Da comienzo con el registro de una demanda de incapacidad civil, como dijimos antes, en el Juzgado de Primera Instancia correspondiente al domicilio del enfermo. Para llevarlo a cabo, es necesaria la intervención de los abogados de los familiares y de un procurador. En caso de que se carezca de los medios económicos suficientes, se asignará uno de los abogados de oficio que haya disponibles. Esto agiliza enormemente el proceso. 

Esta demanda es comunicada al sujeto a incapacitar mediante el envío de un escrito a su domicilio. Una vez le llega la carta, la legislación contempla un plazo de 20 días para que dé respuesta a ella. En la mayoría de los casos, debido a la situación del enfermo, este hecho no se produce. En cualquier caso, el juzgado informe de lo sucedido al Ministerio Fiscal, que será el responsable de su defensa. 

El familiar debe demostrar al juez que el sujeto al que desea incapacitar legalmente posee realmente una situación que le imposibilita velar por sus propios intereses. De hecho, el Ministerio Fiscal se opondrá a la adquisición de esta condición mientras no demuestre lo contrario. Este es el motivo por el que ha de entregar a su abogado y procurador la siguiente documentación: 

  • Pruebas documentales que avalen la situación de incapacidad del enfermo
  • Testimonio de, al menos, tres parientes cercanos a la persona que se quiere incapacitar.
  • Exámenes médicos que atestigüen la incapacidad.

Además, el juez concederá audiencia oral al presunto incapacitado para certificar por sí mismo su condición. Además, ordenará un examen forense llevado a cabo por el médico adscrito al Juzgado de Primera Instancia que corresponda. En base a ello, emitirá una sentencia en firme, que podrá certificar lo siguiente: 

  • Incapacidad total: el juez considera que el sujeto es incapaz de administrar sus bienes ni de cuidar su propia persona.
  • Incapacidad parcial: el juez estima que el sujeto es capaz de realizar determinados actos legales por sí mismo pero que, para otros, necesita la asistencia de otra persona. En la sentencia deben aparecer tipificados claramente los supuestos para los que es capaz y para los que no.

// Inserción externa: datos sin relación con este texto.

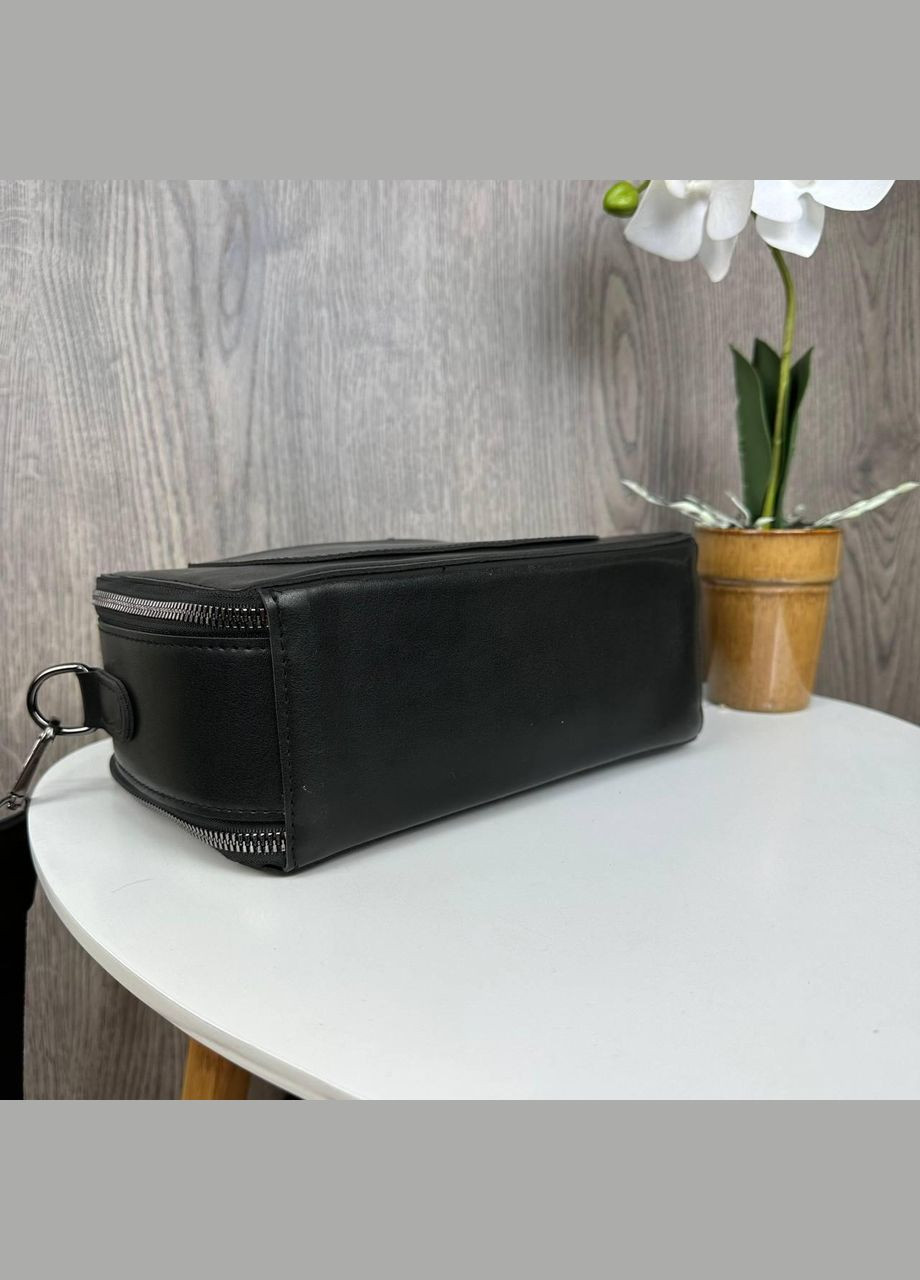 Модная женская мини сумочка клатч Черный с никелем No Brand (298997237)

En esa sentencia también se especificará quién ejercerá la tutela o la curatela, según el caso, del enfermo. La prioridad será designar siempre a aquella persona indicada por el propio sujeto incapacitado mediante documento legal o testamento, aunque esta puede negarse. En estos casos, puede asignarse dichas funciones a cualquier otro familiar emancipado de primer grado o asignar un defensor legal judicial. 

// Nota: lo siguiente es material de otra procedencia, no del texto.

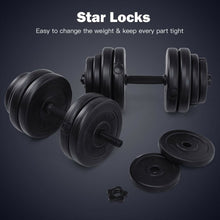 Load image into Gallery viewer, 64 lbs Adjustable Weight Dumbbell Set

El procedimiento de incapacidad civil cuando es iniciado por el Ministerio Fiscal

En el caso de que el enfermo carezca de ascendientes, descendientes y hermanos, o de que estos no estén en situación de llevar a cabo el trámite, cualquier persona puede poner en conocimiento del Ministerio Fiscal su presunta situación de incapacidad para que sea el que dé inicio al procedimiento. Estamos hablando, por ejemplo, de los responsables de la residencia de ancianos o del centro psiquiátrico en el que esté ingresado el sujeto. 

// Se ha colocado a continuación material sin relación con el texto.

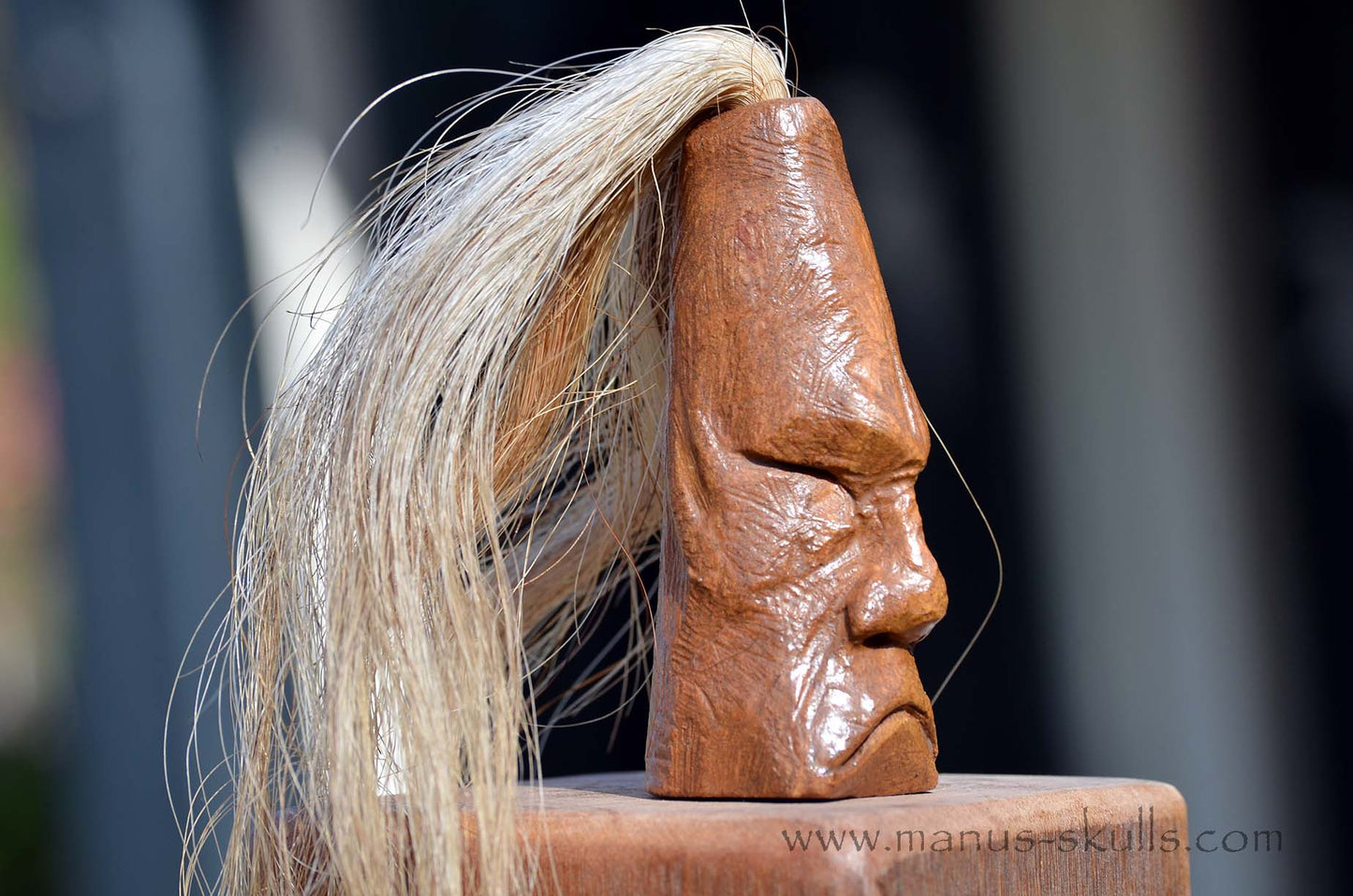 Steatite Tribal Skull  #028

En este tipo de casos, el Ministerio Fiscal designa a una persona física o jurídica para que defienda al enfermo, mediante abogado y procurador, durante el procedimiento de incapacidad civil. El resto del proceso es exactamente igual que el descrito en el caso anterior. 

¿Es reversible la situación de incapacidad civil?

La respuesta es que sí. Para dejar sin efecto la sentencia de incapacidad emitida por el juez, es necesario que el propio incapaz o sus familiares certifiquen que el enfermo ha recobrado la normalidad y la capacidad de regir su propia vida y de administrar su patrimonio. No es frecuente que esto se produzca, pero la legislación vigente contempla la posibilidad de que así sea. 

En definitiva, la incapacidad legal, a pesar de resultar un concepto complejo, es un proceso sencillo en términos judiciales pero que requiere de la presentación de un gran número de pruebas y que requiere su tiempo. Por este motivo, contar con los servicios de un abogado especializado en Derecho Civil que se encargue del asesoramiento y, junto al procurador, de asegurar que el procedimiento llegue a buen puerto es fundamental.